LISTED ENTRIES

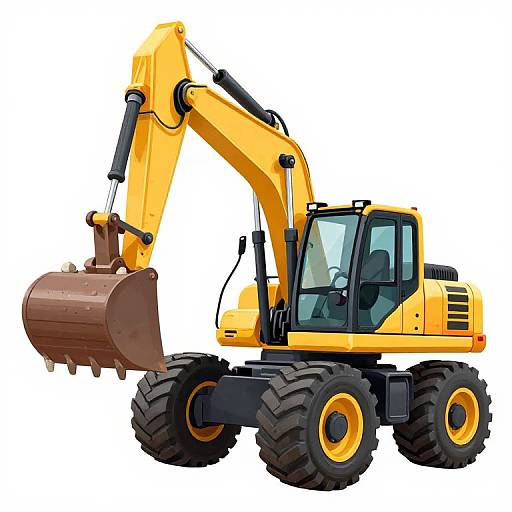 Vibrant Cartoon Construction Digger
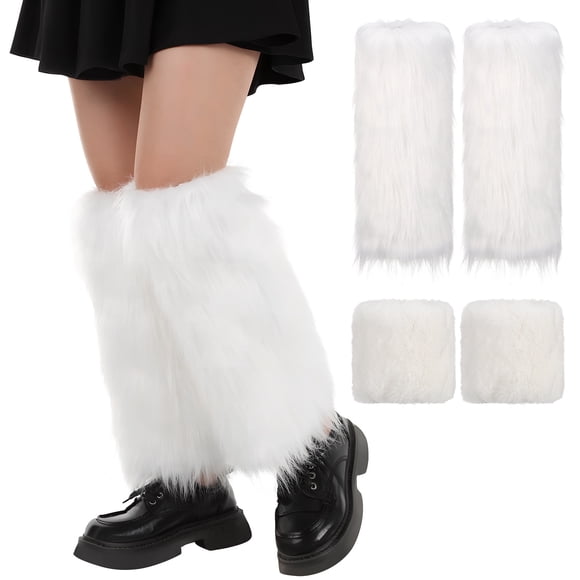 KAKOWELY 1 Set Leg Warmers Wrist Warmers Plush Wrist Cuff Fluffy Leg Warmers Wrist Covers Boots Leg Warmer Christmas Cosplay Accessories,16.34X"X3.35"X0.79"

---

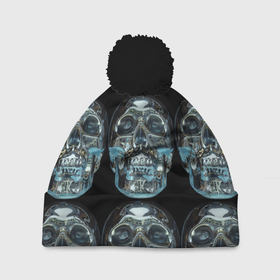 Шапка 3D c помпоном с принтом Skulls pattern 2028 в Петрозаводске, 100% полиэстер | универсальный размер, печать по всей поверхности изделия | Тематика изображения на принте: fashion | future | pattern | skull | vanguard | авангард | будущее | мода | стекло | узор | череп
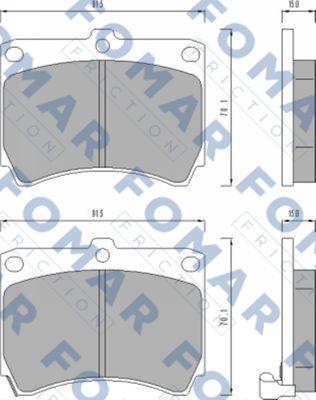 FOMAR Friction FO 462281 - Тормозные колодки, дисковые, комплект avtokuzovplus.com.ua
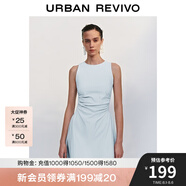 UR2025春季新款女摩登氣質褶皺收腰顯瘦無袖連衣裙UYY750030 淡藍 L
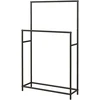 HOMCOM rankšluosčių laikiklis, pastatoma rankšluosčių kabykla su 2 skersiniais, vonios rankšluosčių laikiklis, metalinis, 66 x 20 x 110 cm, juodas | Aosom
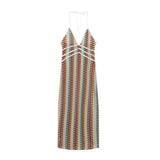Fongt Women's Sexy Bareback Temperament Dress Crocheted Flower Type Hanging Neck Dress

INSTRUCTIONS FOR THE TASK
Would you transcribe the lines above exactly, going from the line bearing "UR2025春季新款女摩登氣質褶皺收腰顯瘦無袖連衣裙UYY750030 淡藍 L" through the line bearing "Fongt Women's Sexy", and drop the pictures from the copy?

OUTPUT
 UR2025春季新款女摩登氣質褶皺收腰顯瘦無袖連衣裙UYY750030 淡藍 L
 HOMCOM rankšluosčių laikiklis, pastatoma rankšluosčių kabykla su 2 skersiniais, vonios rankšluosčių laikiklis, metalinis, 66 x 20 x 110 cm, juodas | Aosom
Fongt Women's Sexy Bareback Temperament Dress Crocheted Flower Type Hanging Neck Dress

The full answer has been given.